▶ [INSTRUCTIONS TO FOLLOW] Please retype the data in full and exactly; the pictures are not part of the copy.

▶ [RECORDED DATA]
##########
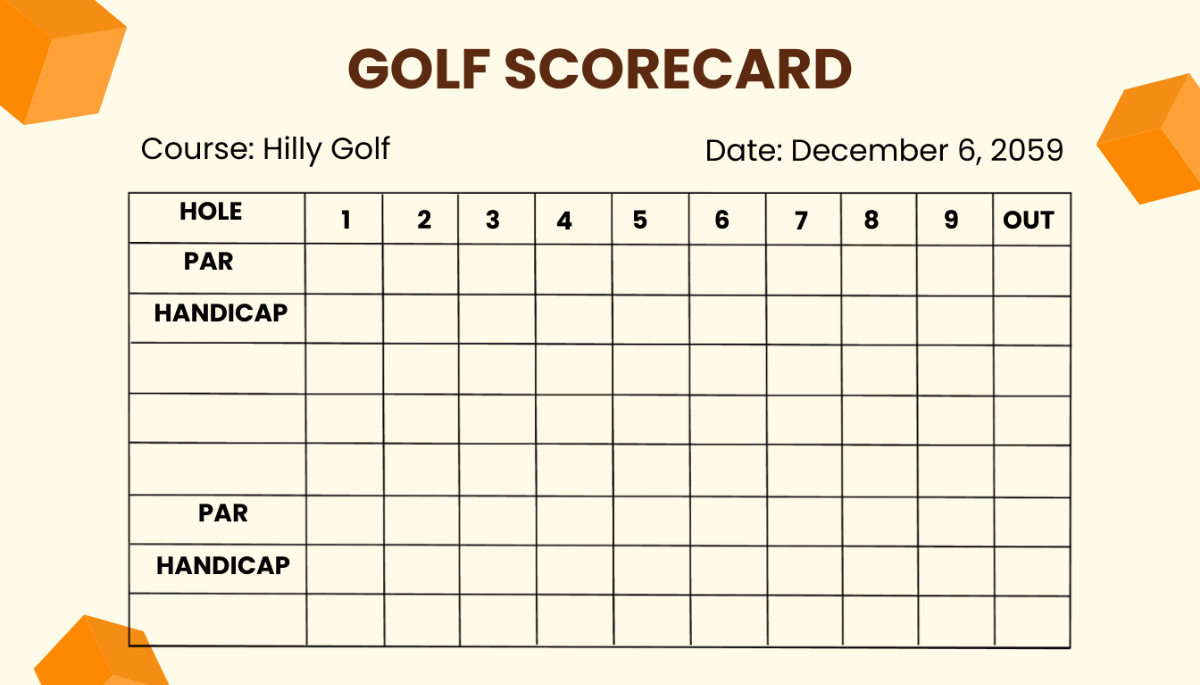 Free 9 Hole Golf Scorecard Template To Edit Online with Free Printable Golf Scorecard Template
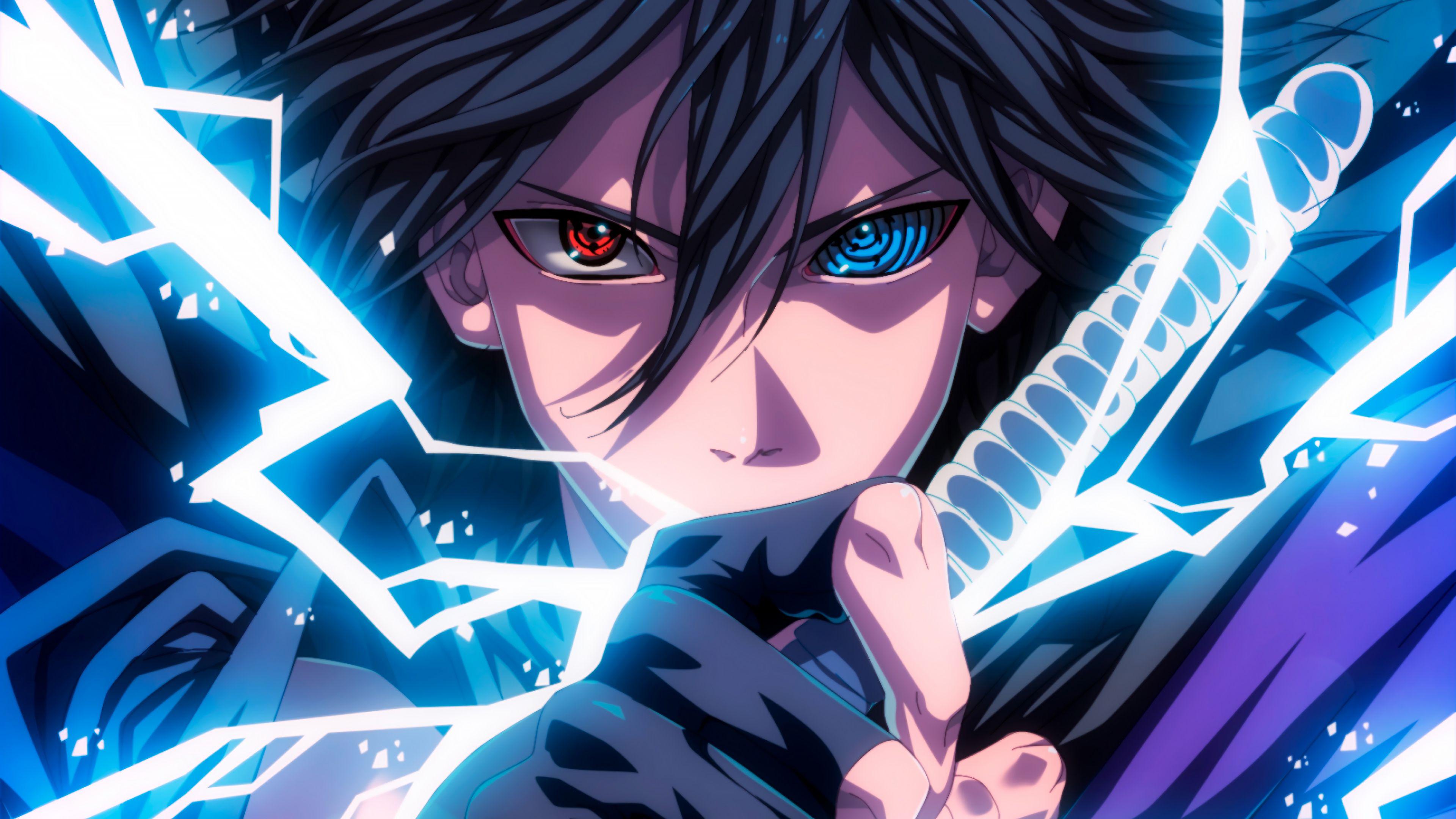 3840x2160 Sasuke Sharingan Rinnegan Eyes Lightning Hình nền Anime 4k Ultra HD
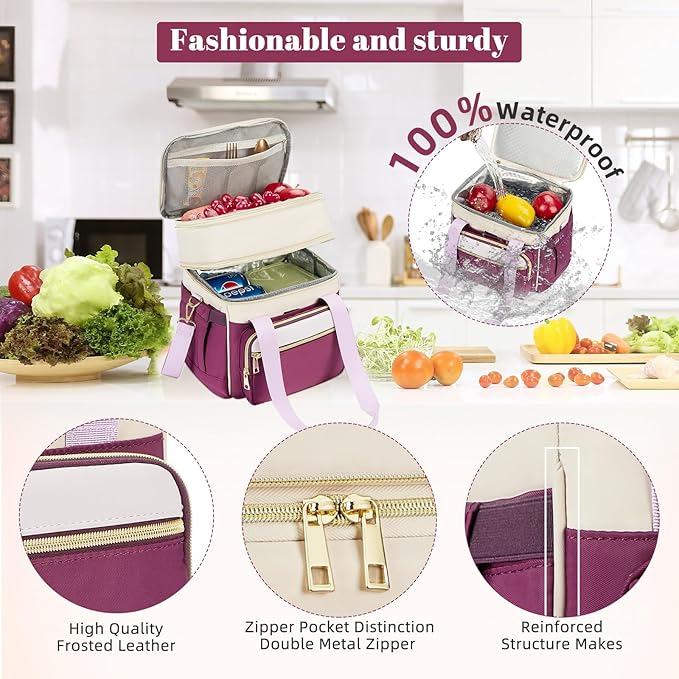 Insulated Lunch Bag & Lunch Box for Women - Double Deck Reusable Lunch Bag for men Tote Cooler Bag Leakproof Soft Expandable - Large Lunchbox for Work/Adult/Picnic/Outdoor (Light Purple，15L)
##########
▶ [SOLUTION FOR THIS TASK]
 Free 9 Hole Golf Scorecard Template To Edit Online with Free Printable Golf Scorecard Template
 3840x2160 Sasuke Sharingan Rinnegan Eyes Lightning Hình nền Anime 4k Ultra HD
 Insulated Lunch Bag & Lunch Box for Women - Double Deck Reusable Lunch Bag for men Tote Cooler Bag Leakproof Soft Expandable - Large Lunchbox for Work/Adult/Picnic/Outdoor (Light Purple，15L)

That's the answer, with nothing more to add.